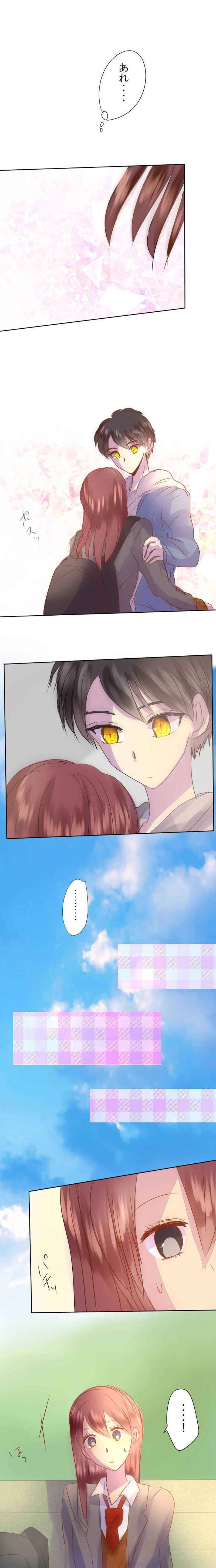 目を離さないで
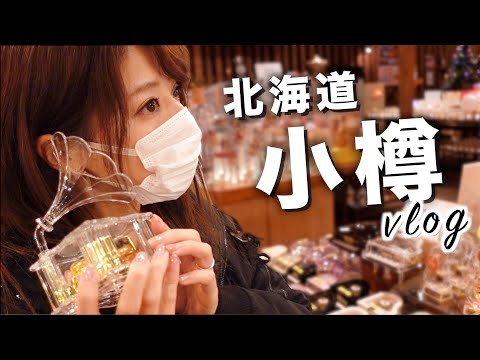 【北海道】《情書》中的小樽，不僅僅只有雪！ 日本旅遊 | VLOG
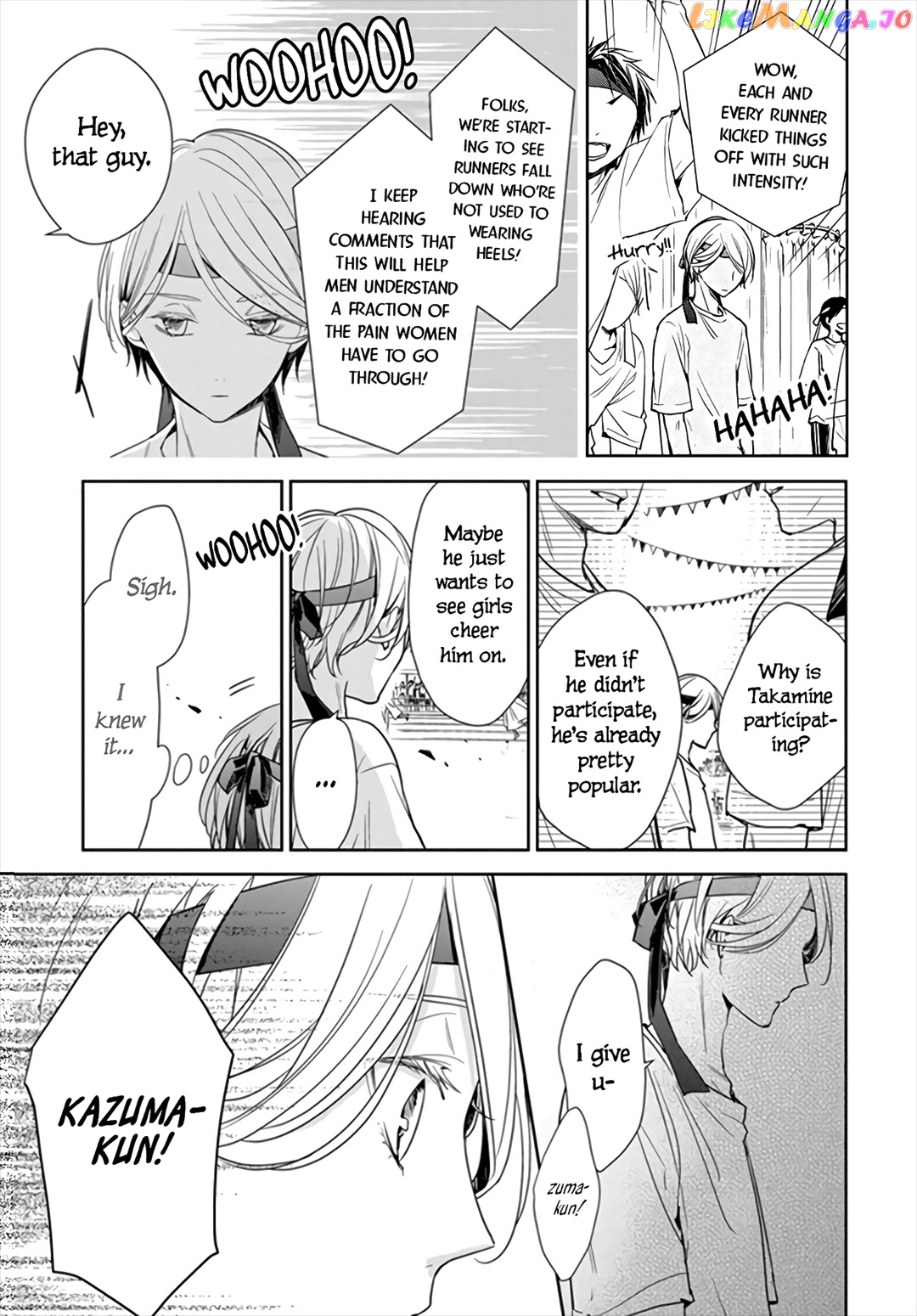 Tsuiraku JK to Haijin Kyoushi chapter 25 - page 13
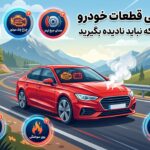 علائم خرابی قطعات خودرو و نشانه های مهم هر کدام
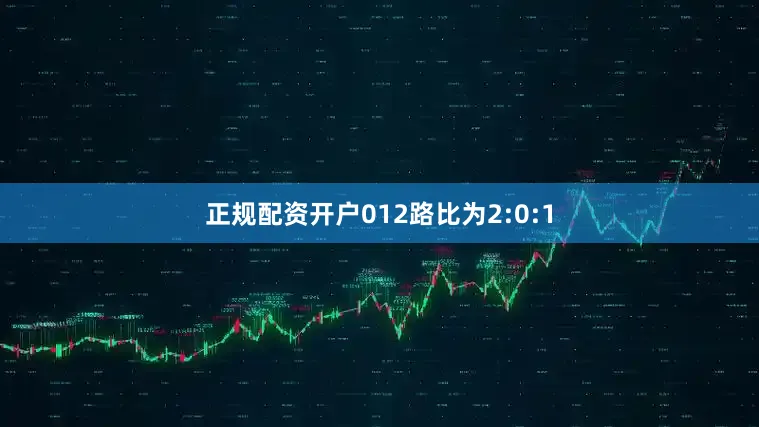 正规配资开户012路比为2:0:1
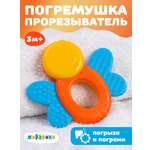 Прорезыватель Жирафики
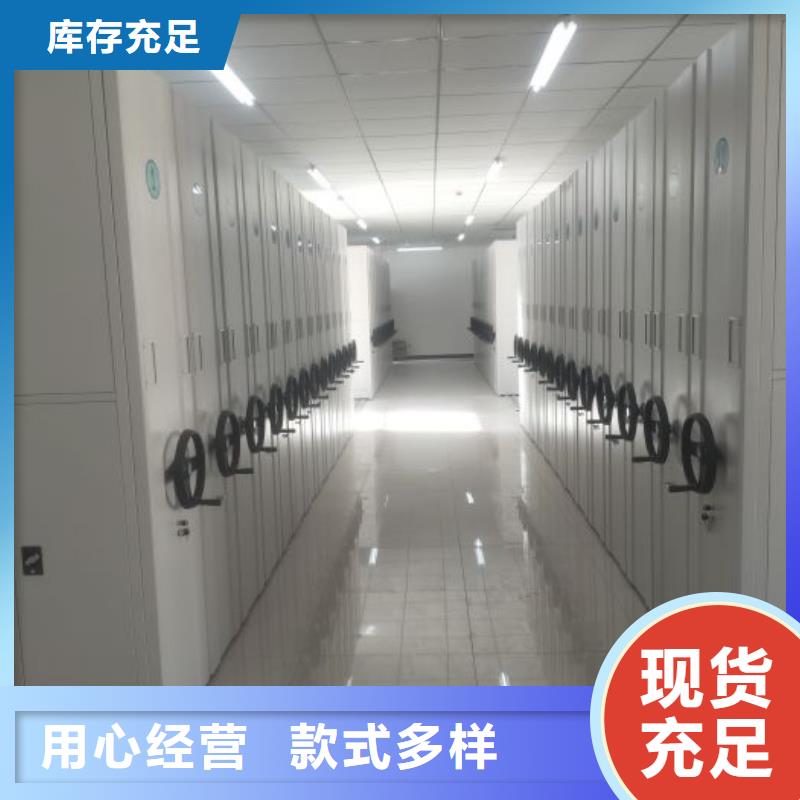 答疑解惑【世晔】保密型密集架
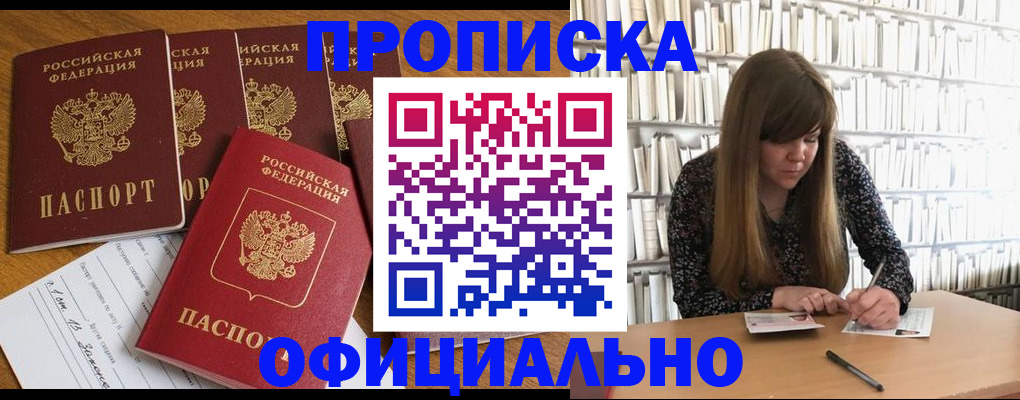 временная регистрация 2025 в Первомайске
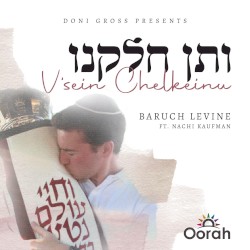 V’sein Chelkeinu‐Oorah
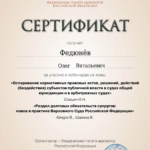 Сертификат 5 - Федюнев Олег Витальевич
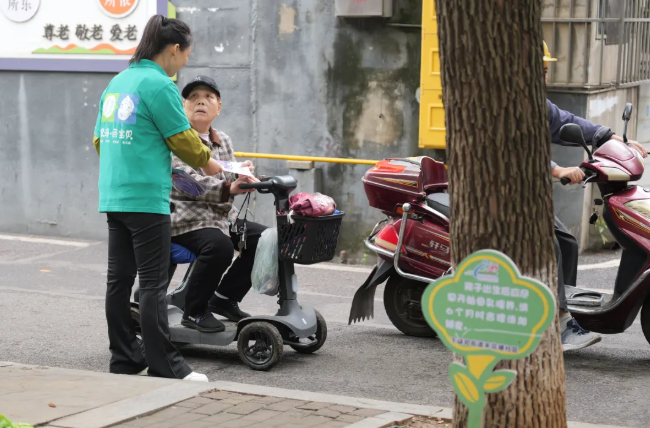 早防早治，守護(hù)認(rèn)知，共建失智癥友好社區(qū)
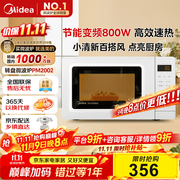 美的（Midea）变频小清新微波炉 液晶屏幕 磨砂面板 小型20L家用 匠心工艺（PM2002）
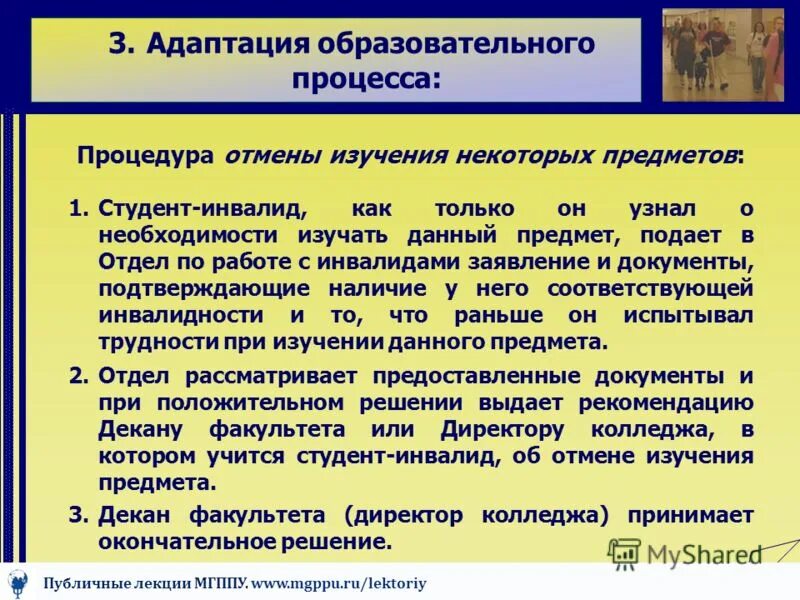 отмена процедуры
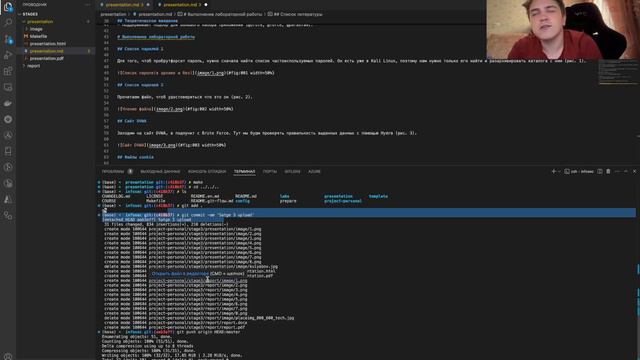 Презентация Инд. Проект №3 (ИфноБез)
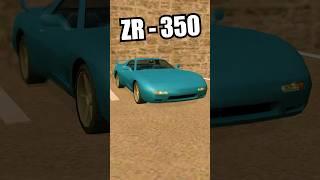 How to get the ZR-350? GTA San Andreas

Requirement: Each of the lines above should be transcribed exactly; no image is to be copied.

Reply:
 目を離さないで
 【北海道】《情書》中的小樽，不僅僅只有雪！ 日本旅遊 | VLOG
 Tsuiraku JK to Haijin Kyoushi chapter 25 - page 13
 علائم خرابی قطعات خودرو و نشانه های مهم هر کدام
 正规配资开户012路比为2:0:1
 Прорезыватель Жирафики
 答疑解惑【世晔】保密型密集架
 временная регистрация 2025 в Первомайске
 V’sein Chelkeinu‐Oorah
 Сертификат 5 - Федюнев Олег Витальевич
 早防早治，守護(hù)認(rèn)知，共建失智癥友好社區(qū)
 美的（Midea）变频小清新微波炉 液晶屏幕 磨砂面板 小型20L家用 匠心工艺（PM2002）
 отмена процедуры
 Презентация Инд. Проект №3 (ИфноБез)
 How to get the ZR-350? GTA San Andreas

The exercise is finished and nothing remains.